Eran las tres de la mañana. No había un alma en las calles. El doctor las pasó y examinó todas dos o tres veces. Dio vuelta a la iglesia y al castillo: saltó por cima de las tapias del corralón, y hasta en aquella mansión de los muertos buscó a su inmortal amiga. Todo fue en balde. Parecía que se la había tragado la tierra.

—274→

Pensó luego el doctor si estaría en el campo, y salió al campo, y anduvo por los caminos sin saber dónde iba, hasta que despuntó la aurora.

Las campanas tocaron a misa primera, y el doctor se decidió a oír aquella misa. Quizás vería en la iglesia a la mujer misteriosa, como la había visto la niña Araceli.

Tampoco vio en la iglesia a la mujer misteriosa.

El doctor estaba tan inconsecuente, tan fuera de sí, tan otro, que a pesar de su impiedad filosófica, hizo por modo extraño algo como oraciones y súplicas al Jesús Nazareno, de que era hermano mayor, y al santo pequeñito, patrono del pueblo, a ver si le ayudaban a dar con su inmortal amiga. Los poderes sobrenaturales fueron sordos a la voz del doctor y no le mostraron lo que buscaba.

—275→

Penitencia para el diablo

Revista de España, tomo XLII, Nº 168 de enero y febrero de 1875, pp. [521]-545

La nueva aparición, confirmando más a don Faustino López de Mendoza en la creencia de que su inmortal amiga era un ser vivo, y persuadiéndole de que estaba en Villabermeja, le excitó a buscarla con ahínco. Pasmoso era, sin duda, que se ocultase tan bien en lugar tan pequeño; pero el doctor perdió la esperanza de hallarla como no fuese registrando casa por casa.

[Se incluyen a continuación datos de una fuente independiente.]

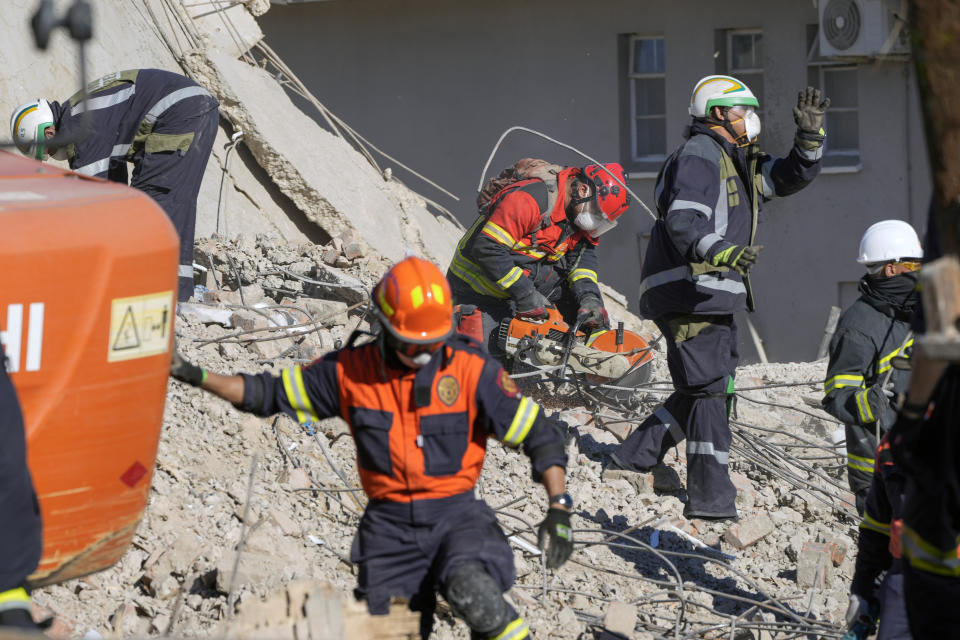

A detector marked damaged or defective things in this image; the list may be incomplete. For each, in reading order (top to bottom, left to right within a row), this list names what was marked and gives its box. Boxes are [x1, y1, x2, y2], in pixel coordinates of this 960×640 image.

Este asunto de la mujer misteriosa le pareció de tal condición, que no quiso fiarse de Respetilla para que le ayudase en sus averiguaciones. Por motivos opuestos, y quizás más poderosos, se guardó bien asimismo de decir nada a su madre. Cuando María, la llamaremos así, ya que el doctor así la llamaba, se escondía tanto, razones poderosas tendría para ello. Si el doctor se hubiera confiado a Respetilla, hubiera expuesto a María a que la descubriesen. Confiándose a su madre, la hubiera llenado de recelos. —276→ Sabe Dios lo que imaginaría su madre de mujer que así se ocultaba.

Sólo había otra persona, cuyo sigilo era grande y cuyo afecto hacia el doctor era mayor aún. A ésta pensó en confiarse para que le ayudase a descubrir a María. Dábase la circunstancia de que esta persona era la más a propósito que había en toda Villabermeja para poner en claro un misterio y despejar una incógnita. Apenas había familia que no conociese, ni lance que no supiese, ni amores que ignorase, ni pendencia matrimonial de que no tuviese noticia. Sabía esta persona hasta lo que comían en cada casa. Si ella no daba, pues, con la inmortal amiga, la inmortal amiga era un ser inaveriguable y utópico, por más que fuese al mismo tiempo real, visible y tangible. La persona en quien pensó el doctor para que le ayudase en las investigaciones era su propia nodriza, el ama Vicenta, la cual, desde que le crió, seguía en la casa sirviendo a doña Ana.

Ya estaba resuelto a confiárselo todo, cuando dos días después de la aparición de María, fue el doctor a su quinta en la jaca. La casera estaba sola a la puerta de la quinta, mientras que el casero cavaba.

-Señorito -dijo la casera-, esta mañana me entregaron un papel para su merced.

—277→

-¿Quién le entregó? -preguntó el doctor.

-Un forastero a quien no conozco.

-Venga ese papel -dijo el doctor.

-Aquí está -contestó la casera dando a D. Faustino un pliego cerrado, que él recibió con emoción extraordinaria, pensando reconocer en la letra del sobrescrito la mano de la mujer misteriosa.

Salió entonces en medio del campo, y mirando antes a todas partes para cerciorarse de que nadie había por allí que pudiese verle o interrumpirle, abrió la carta y leyó lo siguiente:

«No ha sido mi propósito presentarme a tu ojos ni herir tu imaginación con el prestigio de lo sobrenatural. Mi alma soñadora, anhelando explicarse esta fuerza invencible que me lleva hacia ti, descubre, tal vez se finge, otras existencias en que tú y yo, sin obstáculo alguno que entre nosotros se interpusiese, nos amamos y fuimos dichosos; pero no pretendo imponerte esta creencia. Mi alma cree también que, durante el sueño, desprendiéndose, por obra del amor, del cuerpo que anima, vuela y se pone a tu lado; mas no aspiro tampoco a que lo creas. Yo te amo y sólo aspiro a que me ames. Tengo miedo, no obstante, de lograr lo mismo a que aspiro. ¿Para qué aspirar a que me ames, si no es posible, en esta vida, que nuestro amor nos dé ventura? De aquí lo —278→ singular de mi proceder. De aquí el huir de ti y el buscarte. La prudencia me induce a huir; el amor me lleva a ti a pesar mío.

»Hay además en mi vida un misterio horrible que no quiero, que no debo revelarte. Hay algo que está en mí y no está en mí, y que me hace indigna de tu amor. No presumas ni sospeches por eso que reside la indignidad en lo que es mi persona.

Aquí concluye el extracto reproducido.